§ Instructions for the task:
Repeat the whole listing word for word, skipping pictures.

§ Material provided:
* * * * *

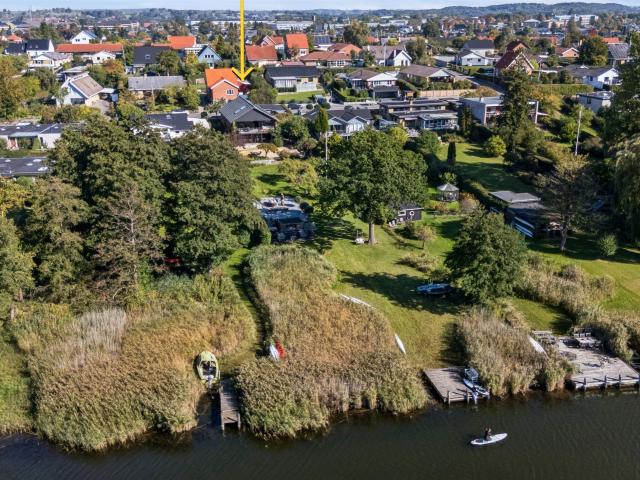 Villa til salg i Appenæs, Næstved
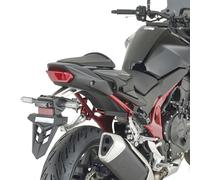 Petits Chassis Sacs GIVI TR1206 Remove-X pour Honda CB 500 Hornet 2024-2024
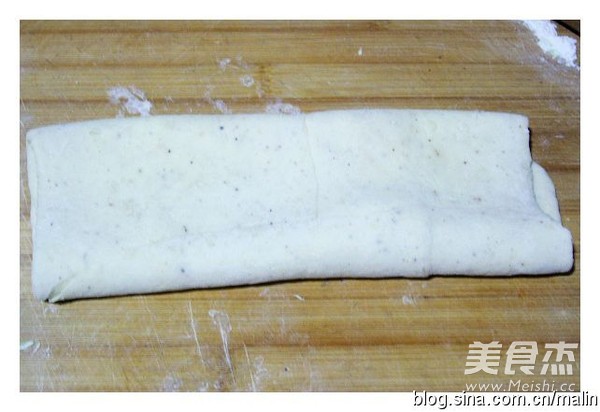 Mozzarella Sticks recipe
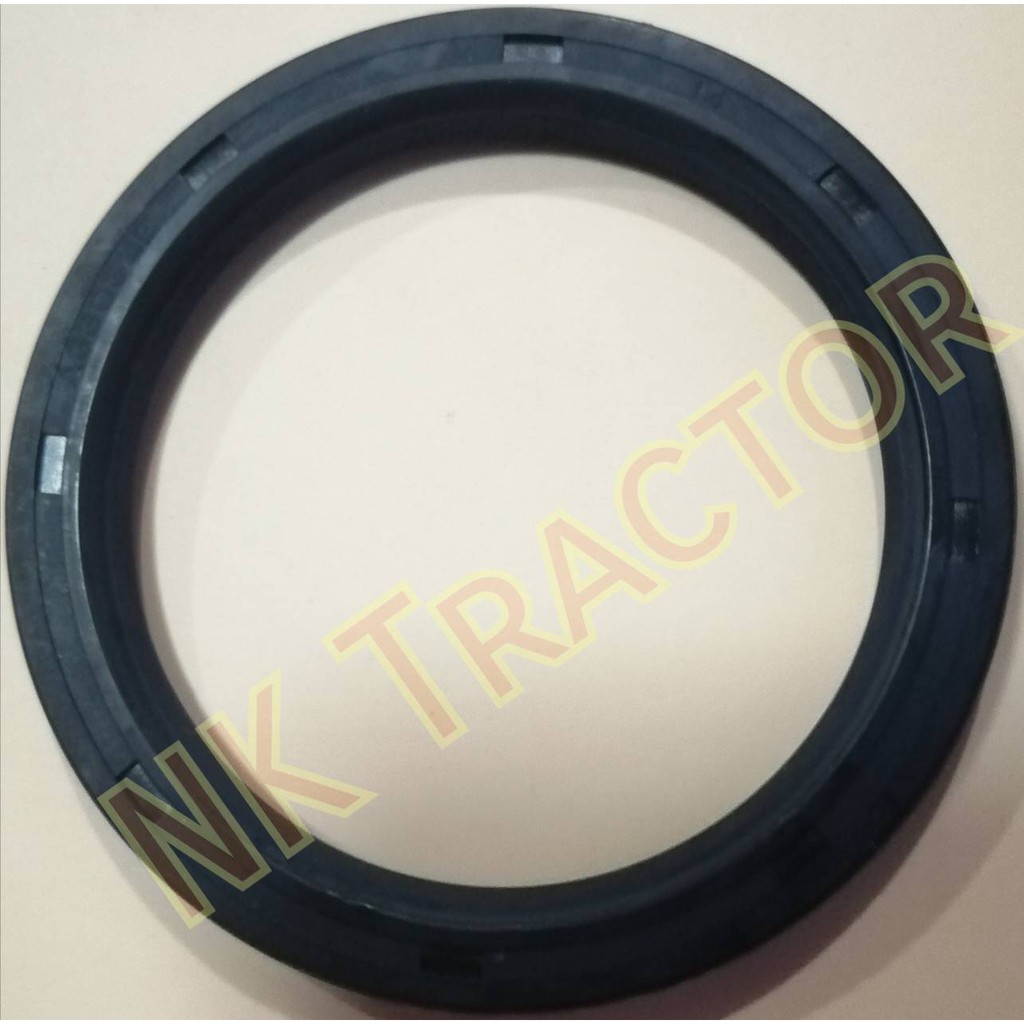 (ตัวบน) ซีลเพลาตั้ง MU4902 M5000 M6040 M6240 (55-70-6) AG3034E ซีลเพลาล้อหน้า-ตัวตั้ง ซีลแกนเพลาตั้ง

* * * * *

§ Exercise output:
 Villa til salg i Appenæs, Næstved
 Petits Chassis Sacs GIVI TR1206 Remove-X pour Honda CB 500 Hornet 2024-2024
 Mozzarella Sticks recipe
 (ตัวบน) ซีลเพลาตั้ง MU4902 M5000 M6040 M6240 (55-70-6) AG3034E ซีลเพลาล้อหน้า-ตัวตั้ง ซีลแกนเพลาตั้ง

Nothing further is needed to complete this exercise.